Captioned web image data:
□ □ □

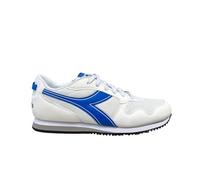 Diadora Skyler Zapatilla Deportiva Para Niño Hombre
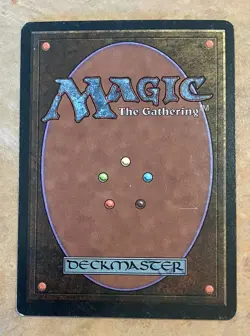 MTG Lot of 13 Unlimited Edition - Lightly Played Magic cards - Natural Selection - Image 4
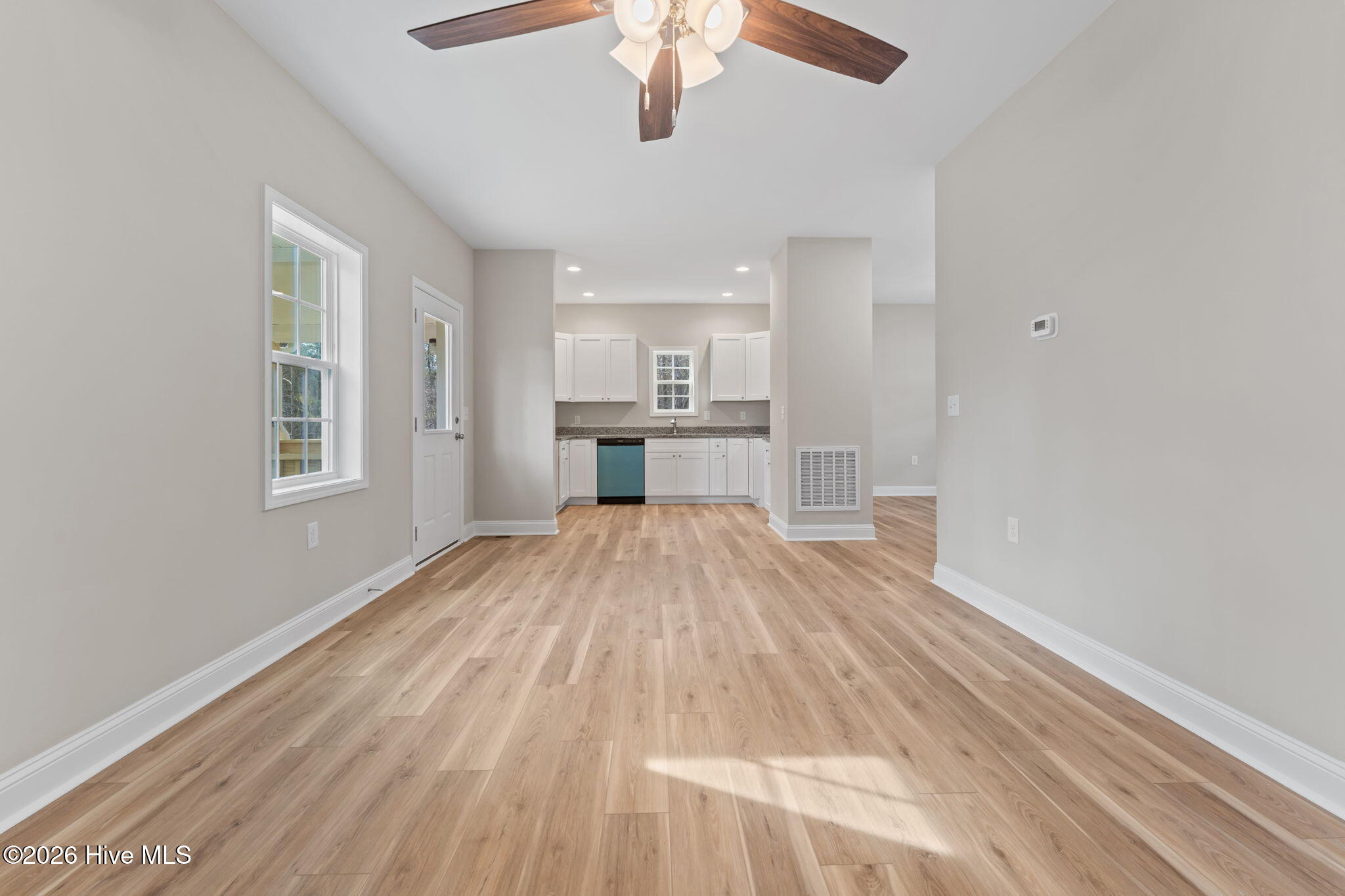 335 Adams Circle Pinehurst, NC 28374 - Photo 21 of 63 34-web-or-mls-DSC03616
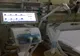 Trei ventilatoare în valoare de peste 150.000 lei, donate Spitalului Județean Buzău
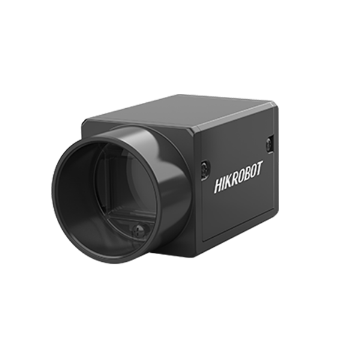 HIKROBOT海康MV-CA013-20GC 130萬像素智能相機(jī).png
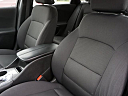 Thumbnail image of 2017 Chevrolet Malibu at A & B Motors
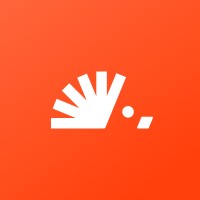 Hedgehog Logo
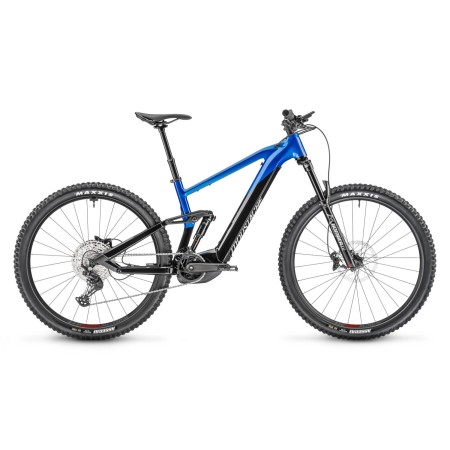 TRAIL 3 L 2023 - 750Wh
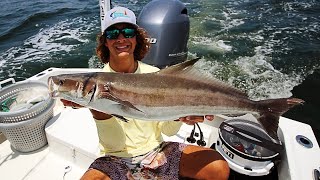  ..........ht Fishing  'recent videos' 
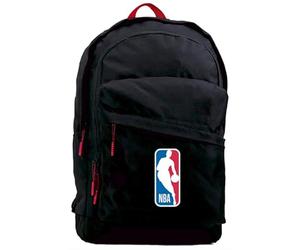 Great Branding NBA LOGO Sac à dos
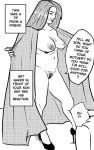 [Tzinnxt] Tabuu Cp. 20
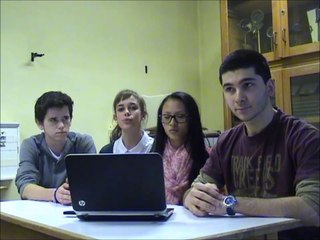 A la recherche des muons obliques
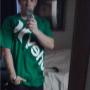 Jeremy Cartwright Photo 18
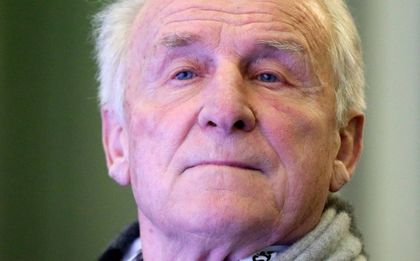 Трапатони предупреди Италия: Германците жадуват отмъщение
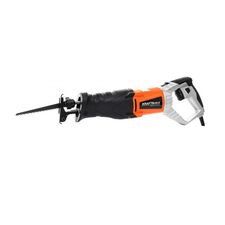 Ηλεκτρικό Παλινδρομικό Πριόνι 2200 W Kraft&Dele KD-1791 -  Ρούτερ - Σέγες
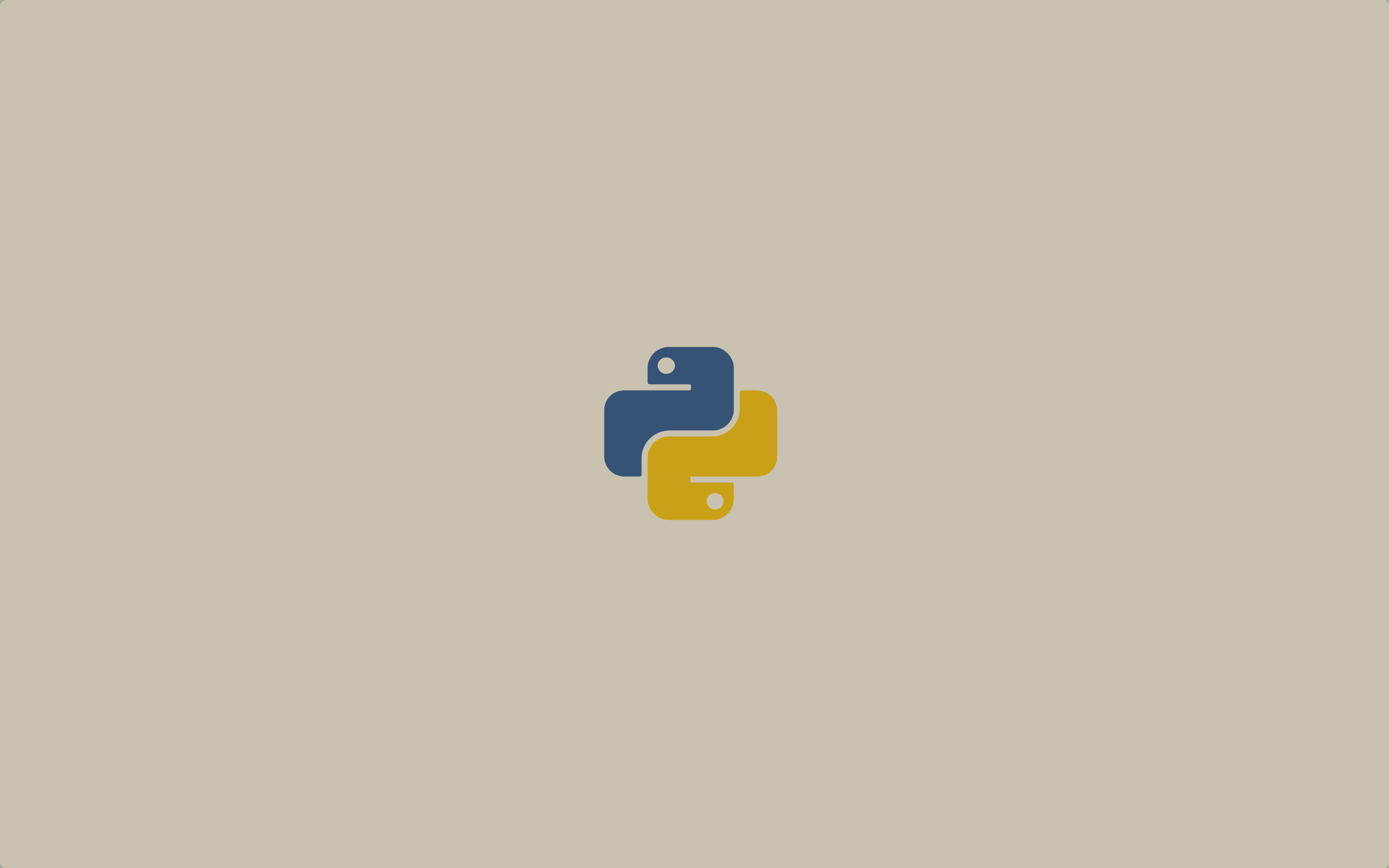 Programming Python 25601600 Wallpaper 2168510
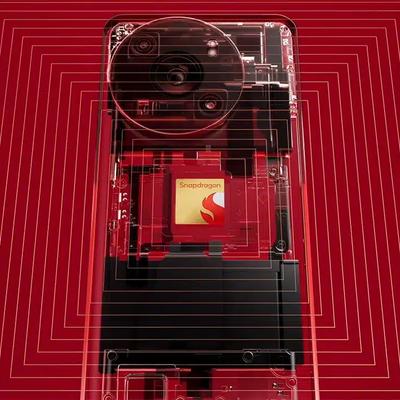 Snapdragon 8 Extreme: קוואלקום סוף־סוף עוקפת את אפל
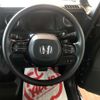 honda n-box 2024 -HONDA 【名変中 】--N BOX JF6--1002374---HONDA 【名変中 】--N BOX JF6--1002374- image 16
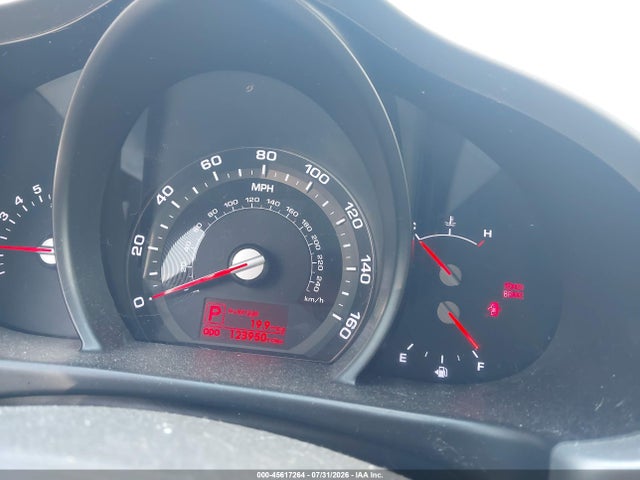 Продажа на аукционе авто 2012 Kia Sportage Lx, vin: KNDPBCA26C7234469, номер лота: 45617264
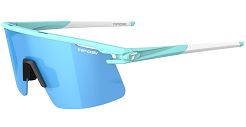 Okulary TIFOSI MOAB LITE CLARION Glacier Blue - 3 szkła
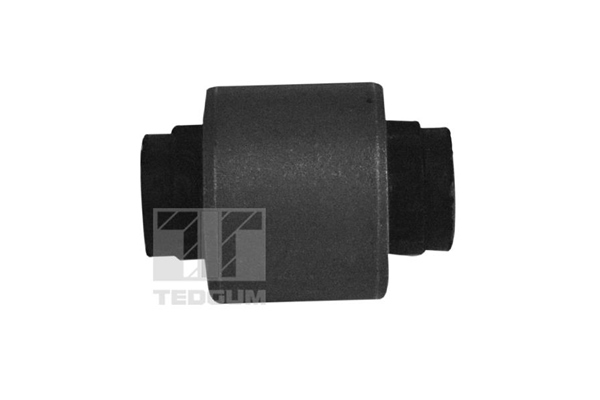 Tedgum Draagarm-/ reactiearm lager 00289587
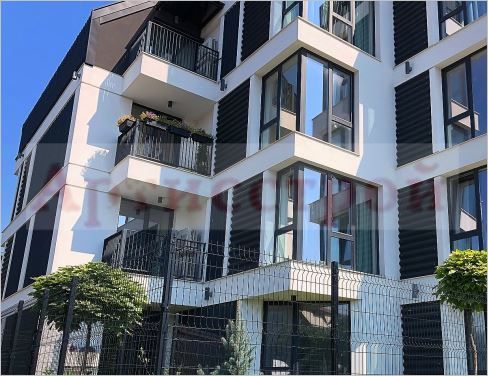 Снимка 307218965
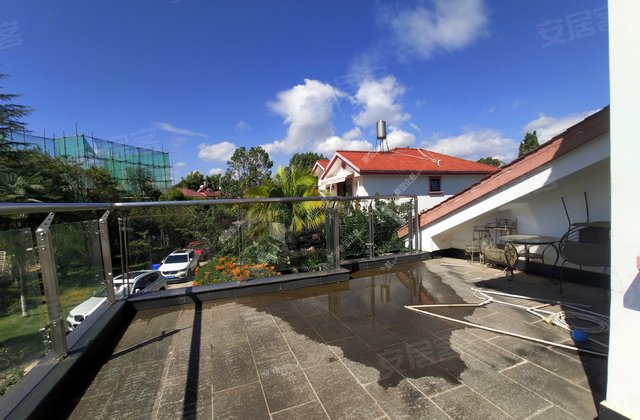 锦绣花园(别墅),五家堆村242号-昆明锦绣花园(别墅)二手房,租房,房价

□ □ □

## TASK GOAL
Quote every line of the records above exactly; no picture is to be copied.

## ANSWER BOX
 Diadora Skyler Zapatilla Deportiva Para Niño Hombre
 MTG Lot of 13 Unlimited Edition - Lightly Played Magic cards - Natural Selection - Image 4
 335 Adams Circle Pinehurst, NC 28374 - Photo 21 of 63 34-web-or-mls-DSC03616
 Trei ventilatoare în valoare de peste 150.000 lei, donate Spitalului Județean Buzău
 HIKROBOT海康MV-CA013-20GC 130萬像素智能相機(jī).png
 Thumbnail image of 2017 Chevrolet Malibu at A & B Motors
 Hedgehog Logo
 TRAIL 3 L 2023 - 750Wh
  ..........ht Fishing  'recent videos' 
 Great Branding NBA LOGO Sac à dos
 [Tzinnxt] Tabuu Cp. 20
 A la recherche des muons obliques
 Jeremy Cartwright Photo 18
 Трапатони предупреди Италия: Германците жадуват отмъщение
 Ηλεκτρικό Παλινδρομικό Πριόνι 2200 W Kraft&Dele KD-1791 -  Ρούτερ - Σέγες
 Programming Python 25601600 Wallpaper 2168510
 Snapdragon 8 Extreme: קוואלקום סוף־סוף עוקפת את אפל
 honda n-box 2024 -HONDA 【名変中 】--N BOX JF6--1002374---HONDA 【名変中 】--N BOX JF6--1002374- image 16
 Продажа на аукционе авто 2012 Kia Sportage Lx, vin: KNDPBCA26C7234469, номер лота: 45617264
 Okulary TIFOSI MOAB LITE CLARION Glacier Blue - 3 szkła
 Tedgum Draagarm-/ reactiearm lager 00289587
 Снимка 307218965
 锦绣花园(别墅),五家堆村242号-昆明锦绣花园(别墅)二手房,租房,房价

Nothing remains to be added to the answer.